Jun 25, 2018, 5:00 PM
2h
Board: 53
Contributed poster Poster session

Speaker

Jan Lahl (Lund University)

Description

Intense extreme ultraviolet (XUV) light generated in a high-order harmonic generation (HHG) process or delivered by a Free Electron Laser (FEL) allows the investigation of multiphoton ionization processes on a femtosecond timescale in the gas phase$^{1,2}$. The investigation of the underlying ionization and fragmentation processes can be facilitated by obtaining the correlated momentum information of all photoionization products. One method to retrieve this correlation information is covariance mapping, especially in high count rate scenarios$^3$. Various detection schemes utilizing velocity map imaging (VMI) or time-of-flight (TOF) spectroscopy have been demonstrated to gather correlated ion and electron momentum information$^4$.
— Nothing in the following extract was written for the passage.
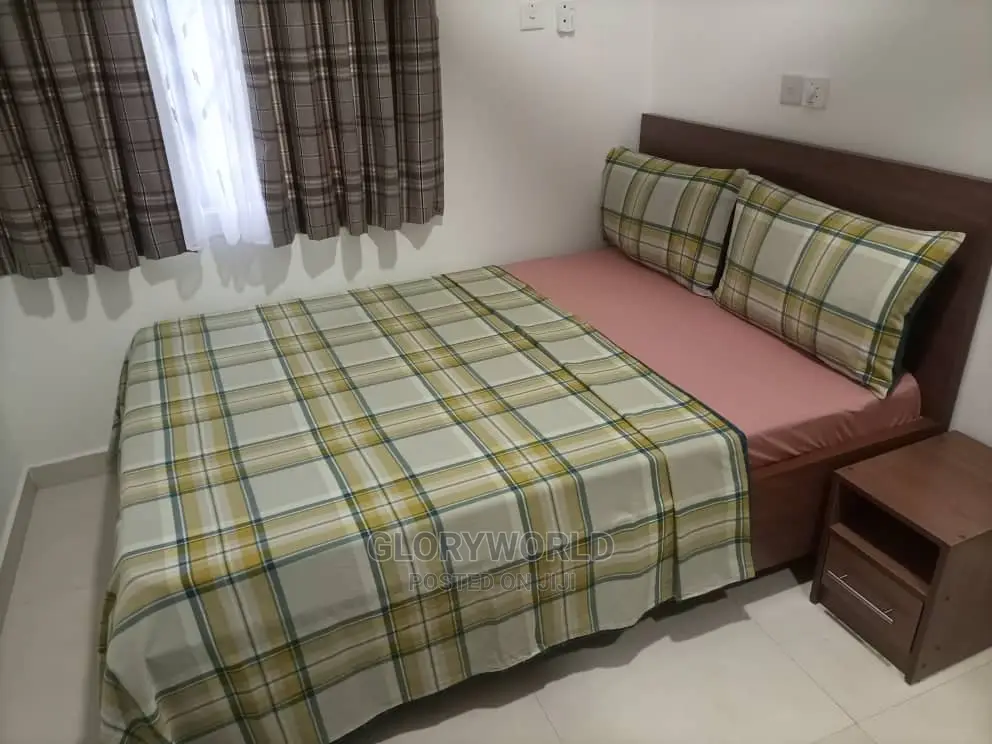 Furnished 2 Bedroom Apartment at Spintex - Community 18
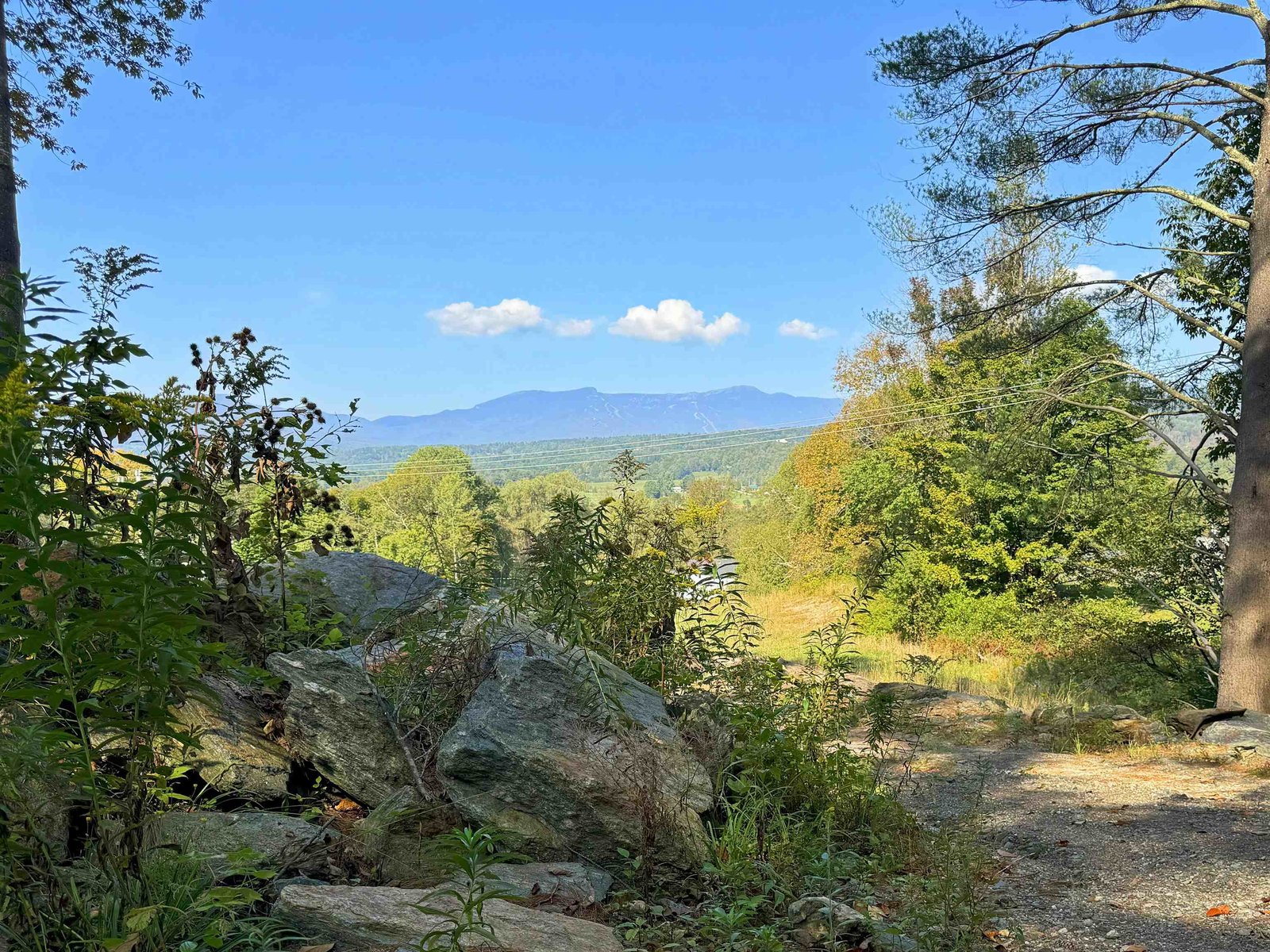 222 Brookside Drive, Unit 4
The Intense XUV beamline at the Lund Laser Centre features a double velocity map imaging spectrometer (DVMIS) for investigation of angularly resolved ion-electron momentum covariance of photoionized molecules using intense XUV attosecond pulse trains (APT)$^5$. The XUV pulses are produced via high-order harmonic generation driven by a Terawatt infrared laser system in a loose focussing geometry. This enables the generation of XUV light with photon energies up to 60 eV and with pulse energies in the µJ regime, which allows to induce multiphoton processes$^6$.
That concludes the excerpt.